The bar scene continues. There are way too many discussable quotes in there to address them all, but there should be ample similar opportunities in the future.
As for the action of the story:
‘ “Friendships,” said [James] Taggart in the tone of an idle abstraction, “are more valuable than gold.” Unexpectedly, he turned to [Paul] Larkin. “Don’t you think so, Paul?” ‘
Paul agrees, being the weak man that he is. Irony abounds, as Paul is ultimately being asked to betray his friendship with Hank Rearden. It is axiomatic that Rand’s heroes say exactly what they mean without exception, and therefore her villains are generally saying the opposite of what they mean, or at least lying about their motives.
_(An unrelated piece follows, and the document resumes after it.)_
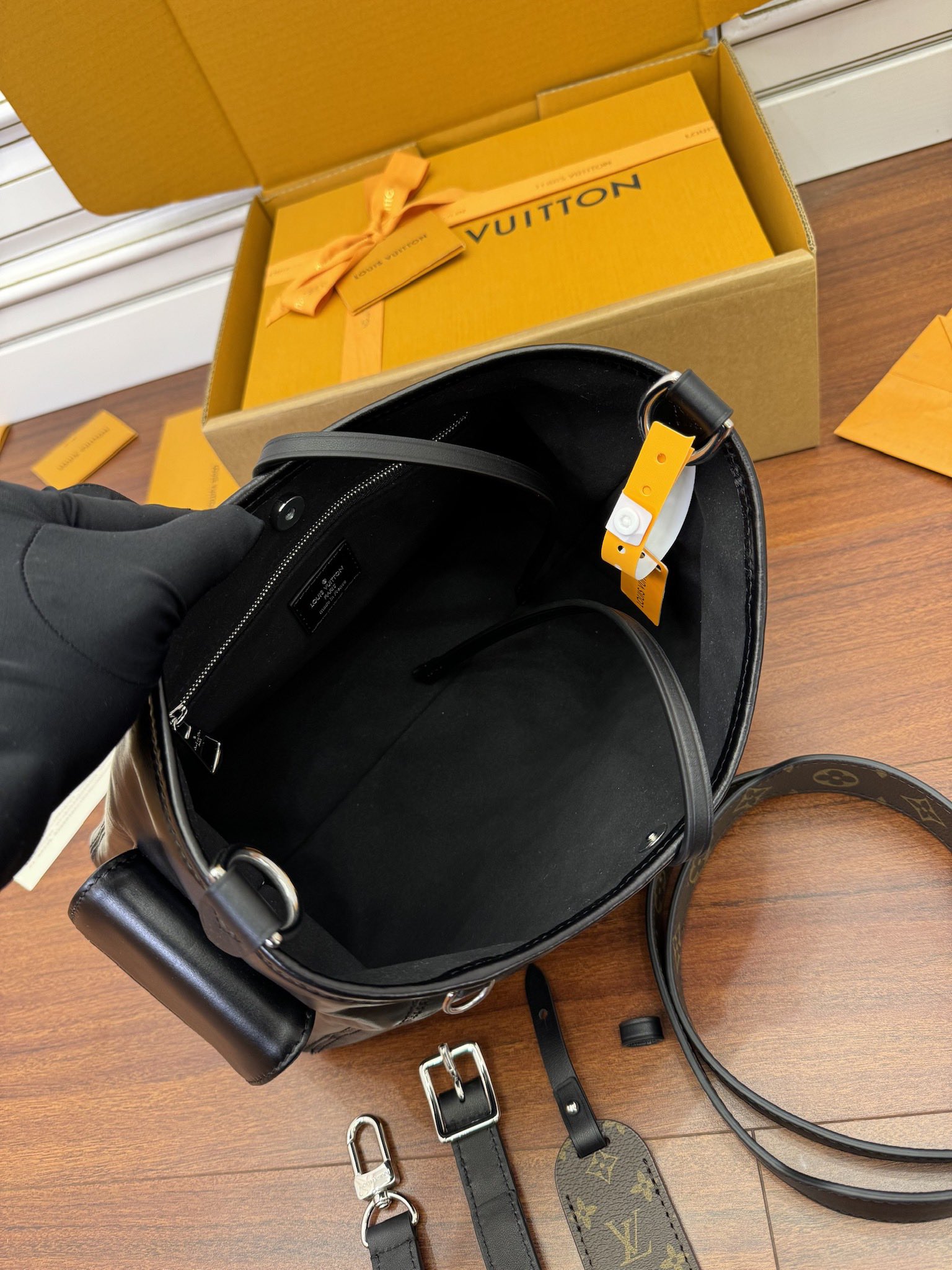 Túi Nữ Louis Vuitton CarryAll Cargo Vibe PM M24861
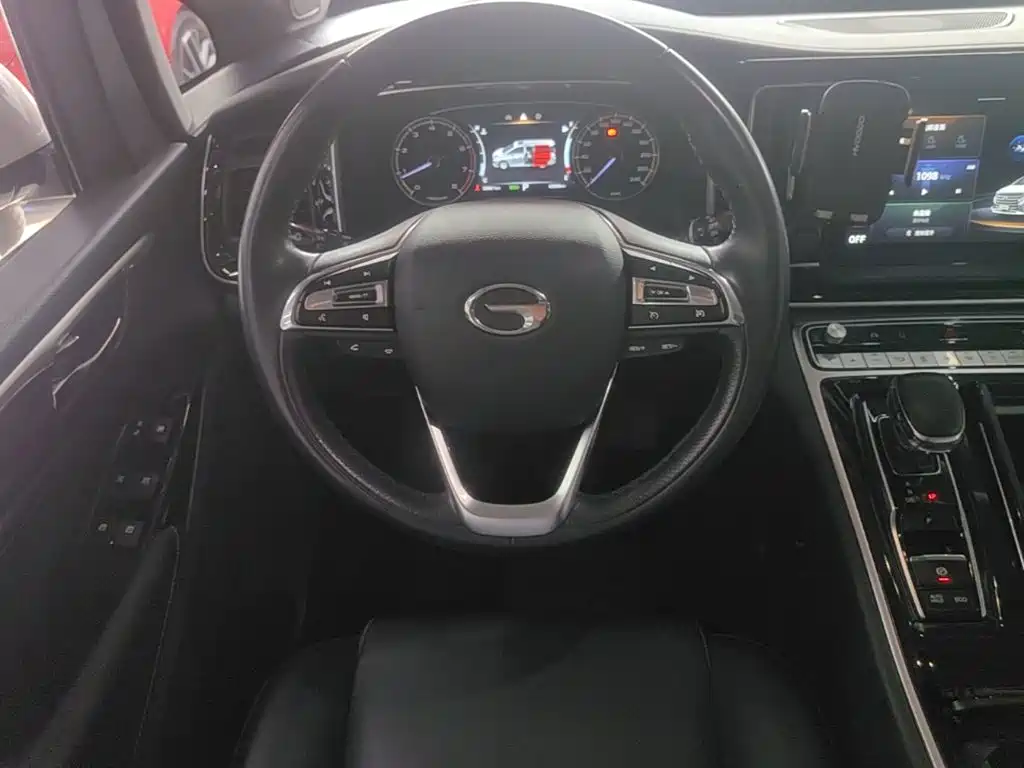 GAC Motor Trumpchi M8 — фото 11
It is interesting that Paul has to squash shreds of conscience; he can’t bear to look at Wesley Mouch at one point. Wesley, it is revealed, is Hank’s “man in Washington,” but is apparently really a sock puppet for James, and is about to backstab Hank.
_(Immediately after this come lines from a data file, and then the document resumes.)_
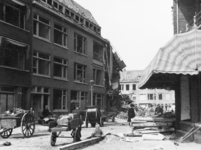 XXXIII-645-05-04-01-2 Gezicht in de Treubstraat met verwoeste panden als gevolg van het neerstorten van een V-1 op 18 ...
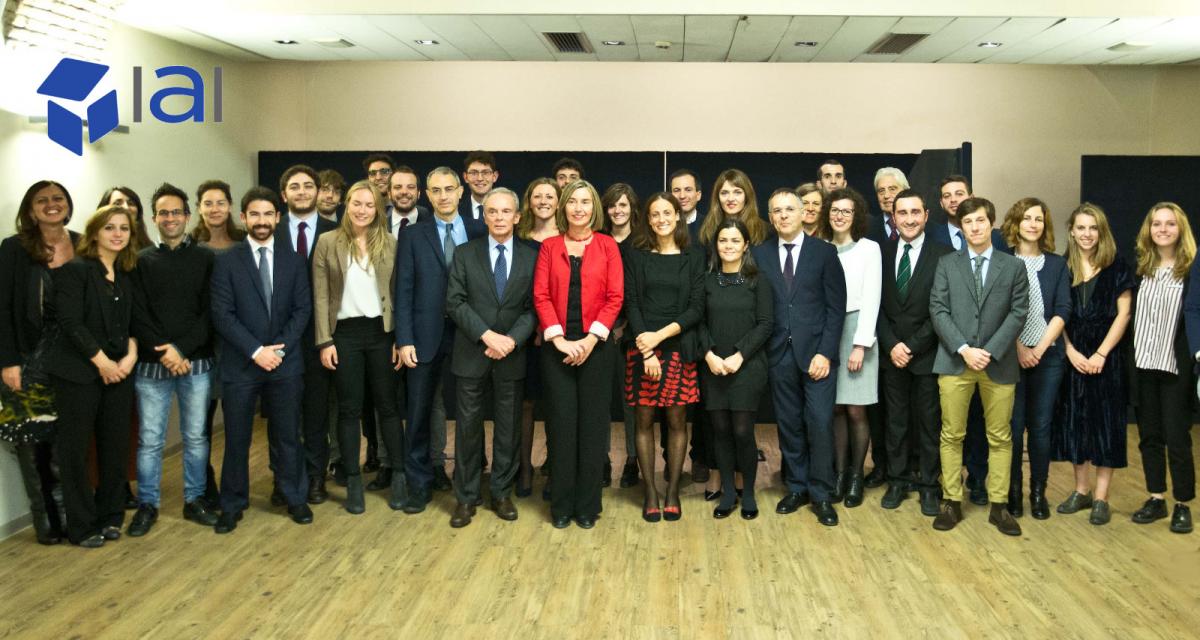 La squadra dei ricercatori dell'Istituto Affari Internazionali in posa durante una visita dell'Alta rappresentante per la Politica estera dell'Ue Federica Mogherini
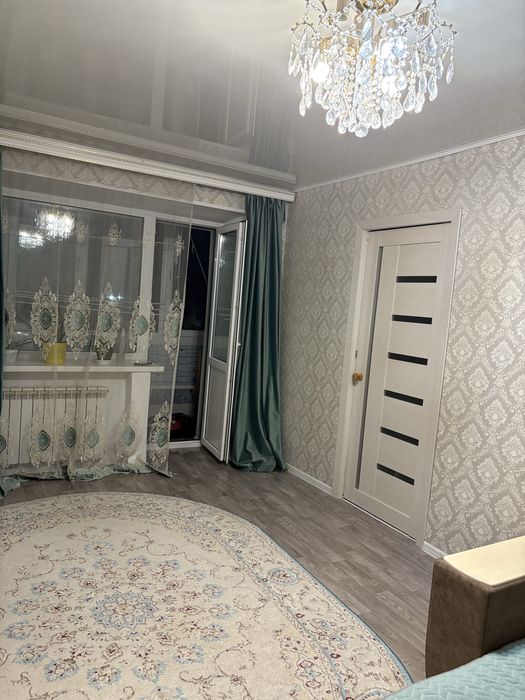 Сдам 2-ух комнатную квартиру на площади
There is talk of the People’s State of Mexico (the entire world has apparently gone communist, with the U.S. on the way) and the San Sebastian Mines. ‘ “Wonderful place, Mexico,” Boyle answered cheerfully. “Very stimulating and thought-provoking. Their food rations are something awful, though. I got sick.” ‘ The mines in question have enormous deposits of copper, and it apparently is the last bit of private property in Mexico. (Orren casually mentions a “Spic” superintendent, but it remains my impression that race is simply not one of Rand’s issues.) Orren angrily denies rumors that it is to be nationalized.
Orren mentions that Taggart Transcontinental service to the mines is terrible, with only one passenger train a day, and that, a wood-burning train. This news bothers James.
The scene ends with the four talking about a “difficult undertaking” ahead. James ends with, ‘ “That’s what has to be known — who makes it possible.” ‘ This is clearly an echo of the question, “Who is John Galt?”